--- Exercise materials ---

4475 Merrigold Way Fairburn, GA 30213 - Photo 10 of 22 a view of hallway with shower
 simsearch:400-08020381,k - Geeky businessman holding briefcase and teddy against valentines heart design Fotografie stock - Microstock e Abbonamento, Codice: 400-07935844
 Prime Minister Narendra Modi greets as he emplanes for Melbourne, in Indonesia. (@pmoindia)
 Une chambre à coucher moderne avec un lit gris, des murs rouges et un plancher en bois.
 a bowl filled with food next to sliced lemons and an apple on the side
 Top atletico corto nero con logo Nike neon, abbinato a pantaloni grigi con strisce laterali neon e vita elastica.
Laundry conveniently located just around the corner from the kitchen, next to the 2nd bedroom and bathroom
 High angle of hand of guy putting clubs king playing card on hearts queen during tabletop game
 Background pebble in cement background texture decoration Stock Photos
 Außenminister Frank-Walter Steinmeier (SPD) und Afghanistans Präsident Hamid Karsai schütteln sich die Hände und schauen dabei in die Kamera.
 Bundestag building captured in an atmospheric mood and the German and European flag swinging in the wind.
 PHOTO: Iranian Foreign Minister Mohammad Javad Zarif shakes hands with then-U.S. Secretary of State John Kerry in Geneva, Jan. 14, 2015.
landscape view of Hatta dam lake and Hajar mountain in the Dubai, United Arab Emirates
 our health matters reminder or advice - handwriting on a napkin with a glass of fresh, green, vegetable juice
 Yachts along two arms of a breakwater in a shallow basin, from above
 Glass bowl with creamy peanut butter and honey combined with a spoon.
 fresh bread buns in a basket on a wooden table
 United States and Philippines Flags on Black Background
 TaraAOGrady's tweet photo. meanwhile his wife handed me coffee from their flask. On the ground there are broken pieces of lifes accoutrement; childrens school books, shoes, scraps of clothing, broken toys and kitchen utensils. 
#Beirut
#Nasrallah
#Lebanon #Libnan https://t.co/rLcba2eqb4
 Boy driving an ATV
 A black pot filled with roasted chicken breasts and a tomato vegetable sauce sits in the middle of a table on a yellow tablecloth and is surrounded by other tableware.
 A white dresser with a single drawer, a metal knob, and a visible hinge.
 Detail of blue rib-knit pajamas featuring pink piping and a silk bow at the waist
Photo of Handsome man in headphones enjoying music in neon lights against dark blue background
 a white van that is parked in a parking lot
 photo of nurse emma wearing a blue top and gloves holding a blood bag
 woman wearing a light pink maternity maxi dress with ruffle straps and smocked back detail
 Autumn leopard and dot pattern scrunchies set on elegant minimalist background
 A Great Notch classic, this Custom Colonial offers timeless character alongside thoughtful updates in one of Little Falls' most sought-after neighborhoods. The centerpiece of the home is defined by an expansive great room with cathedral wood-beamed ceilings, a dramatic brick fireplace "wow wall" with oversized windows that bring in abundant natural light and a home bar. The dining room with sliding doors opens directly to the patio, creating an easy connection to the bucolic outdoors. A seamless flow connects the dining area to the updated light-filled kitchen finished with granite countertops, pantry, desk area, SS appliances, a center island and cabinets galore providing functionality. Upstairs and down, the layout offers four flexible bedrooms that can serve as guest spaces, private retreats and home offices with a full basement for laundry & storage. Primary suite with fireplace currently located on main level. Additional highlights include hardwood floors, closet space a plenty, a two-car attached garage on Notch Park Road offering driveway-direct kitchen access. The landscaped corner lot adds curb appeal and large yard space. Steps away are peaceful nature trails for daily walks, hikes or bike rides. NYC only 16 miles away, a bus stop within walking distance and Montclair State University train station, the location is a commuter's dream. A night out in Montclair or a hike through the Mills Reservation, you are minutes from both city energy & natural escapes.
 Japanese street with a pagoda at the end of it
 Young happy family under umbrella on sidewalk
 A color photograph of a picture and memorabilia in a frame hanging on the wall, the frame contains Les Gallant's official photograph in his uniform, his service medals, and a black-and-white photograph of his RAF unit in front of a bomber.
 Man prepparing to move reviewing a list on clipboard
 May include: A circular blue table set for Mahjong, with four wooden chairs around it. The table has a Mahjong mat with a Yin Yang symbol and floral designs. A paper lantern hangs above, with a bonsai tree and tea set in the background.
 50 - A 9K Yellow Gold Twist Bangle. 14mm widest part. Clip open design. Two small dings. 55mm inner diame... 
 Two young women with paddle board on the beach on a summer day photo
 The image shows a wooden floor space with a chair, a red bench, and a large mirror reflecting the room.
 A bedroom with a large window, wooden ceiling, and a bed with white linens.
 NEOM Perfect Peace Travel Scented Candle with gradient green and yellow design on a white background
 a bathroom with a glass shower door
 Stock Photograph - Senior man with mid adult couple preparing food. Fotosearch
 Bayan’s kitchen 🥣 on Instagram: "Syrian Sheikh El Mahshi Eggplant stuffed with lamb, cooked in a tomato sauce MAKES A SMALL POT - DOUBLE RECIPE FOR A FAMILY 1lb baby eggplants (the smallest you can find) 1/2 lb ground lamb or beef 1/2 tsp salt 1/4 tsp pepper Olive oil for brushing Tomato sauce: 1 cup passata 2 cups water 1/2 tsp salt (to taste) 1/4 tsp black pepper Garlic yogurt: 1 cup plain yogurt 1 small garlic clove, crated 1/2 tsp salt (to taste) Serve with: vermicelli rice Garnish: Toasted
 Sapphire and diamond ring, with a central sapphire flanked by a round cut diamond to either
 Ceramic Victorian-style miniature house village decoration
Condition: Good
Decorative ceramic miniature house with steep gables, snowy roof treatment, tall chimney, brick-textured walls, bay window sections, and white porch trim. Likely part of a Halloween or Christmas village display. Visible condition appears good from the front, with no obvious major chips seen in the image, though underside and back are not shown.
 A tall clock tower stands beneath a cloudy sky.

---

Reproduce, exactly as they stand in the data above, the lines from the one that holds "#Lebanon #Libnan https://t.co/rLcba2eqb4" to the one that holds "Photo of Handsome", inclusive.

#Lebanon #Libnan https://t.co/rLcba2eqb4
 Boy driving an ATV
 A black pot filled with roasted chicken breasts and a tomato vegetable sauce sits in the middle of a table on a yellow tablecloth and is surrounded by other tableware.
 A white dresser with a single drawer, a metal knob, and a visible hinge.
 Detail of blue rib-knit pajamas featuring pink piping and a silk bow at the waist
Photo of Handsome man in headphones enjoying music in neon lights against dark blue background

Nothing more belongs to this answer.